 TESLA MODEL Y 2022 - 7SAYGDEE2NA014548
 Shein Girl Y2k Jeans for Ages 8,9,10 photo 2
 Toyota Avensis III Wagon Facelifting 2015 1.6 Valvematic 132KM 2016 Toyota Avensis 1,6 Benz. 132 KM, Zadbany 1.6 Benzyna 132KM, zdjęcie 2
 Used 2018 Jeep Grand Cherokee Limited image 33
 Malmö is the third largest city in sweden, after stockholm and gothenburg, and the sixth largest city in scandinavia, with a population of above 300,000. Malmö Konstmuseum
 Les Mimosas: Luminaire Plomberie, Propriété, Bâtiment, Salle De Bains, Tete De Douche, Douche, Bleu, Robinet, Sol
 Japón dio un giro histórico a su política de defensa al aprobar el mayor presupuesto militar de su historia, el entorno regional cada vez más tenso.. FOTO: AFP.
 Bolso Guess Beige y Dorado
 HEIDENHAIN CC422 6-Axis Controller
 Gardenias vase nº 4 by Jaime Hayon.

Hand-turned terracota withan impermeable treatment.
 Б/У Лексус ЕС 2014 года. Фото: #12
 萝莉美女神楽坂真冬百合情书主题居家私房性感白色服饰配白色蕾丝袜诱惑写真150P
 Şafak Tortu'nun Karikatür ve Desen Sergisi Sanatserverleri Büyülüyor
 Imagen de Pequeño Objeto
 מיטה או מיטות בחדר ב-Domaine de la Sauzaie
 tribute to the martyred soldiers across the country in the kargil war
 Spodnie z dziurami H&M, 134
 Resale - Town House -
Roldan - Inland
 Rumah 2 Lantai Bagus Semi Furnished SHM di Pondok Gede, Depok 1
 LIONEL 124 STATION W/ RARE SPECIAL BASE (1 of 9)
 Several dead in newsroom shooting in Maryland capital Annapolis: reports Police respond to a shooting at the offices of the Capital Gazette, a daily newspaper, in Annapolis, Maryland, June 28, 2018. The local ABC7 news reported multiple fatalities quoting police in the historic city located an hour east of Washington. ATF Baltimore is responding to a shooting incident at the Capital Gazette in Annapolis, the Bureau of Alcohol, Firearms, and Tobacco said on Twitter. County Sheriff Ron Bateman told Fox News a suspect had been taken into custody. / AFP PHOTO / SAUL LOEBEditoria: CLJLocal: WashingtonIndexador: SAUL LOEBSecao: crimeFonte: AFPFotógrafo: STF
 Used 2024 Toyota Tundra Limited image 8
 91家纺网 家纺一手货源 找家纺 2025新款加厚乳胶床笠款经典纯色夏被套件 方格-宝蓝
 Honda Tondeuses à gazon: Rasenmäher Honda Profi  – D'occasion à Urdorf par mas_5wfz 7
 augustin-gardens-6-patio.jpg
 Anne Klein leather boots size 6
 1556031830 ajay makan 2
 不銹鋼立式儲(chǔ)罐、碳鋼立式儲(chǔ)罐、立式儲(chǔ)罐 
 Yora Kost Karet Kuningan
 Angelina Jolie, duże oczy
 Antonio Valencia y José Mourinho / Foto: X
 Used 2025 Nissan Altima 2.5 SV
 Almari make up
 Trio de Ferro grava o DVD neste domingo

### [TASK DIRECTIONS]
Please copy exactly, and only, the lines from the line containing "Anne Klein leather boots size 6" through the last line of the records, with both ends included.

### [RESULT BELOW]
 Anne Klein leather boots size 6
 1556031830 ajay makan 2
 不銹鋼立式儲(chǔ)罐、碳鋼立式儲(chǔ)罐、立式儲(chǔ)罐 
 Yora Kost Karet Kuningan
 Angelina Jolie, duże oczy
 Antonio Valencia y José Mourinho / Foto: X
 Used 2025 Nissan Altima 2.5 SV
 Almari make up
 Trio de Ferro grava o DVD neste domingo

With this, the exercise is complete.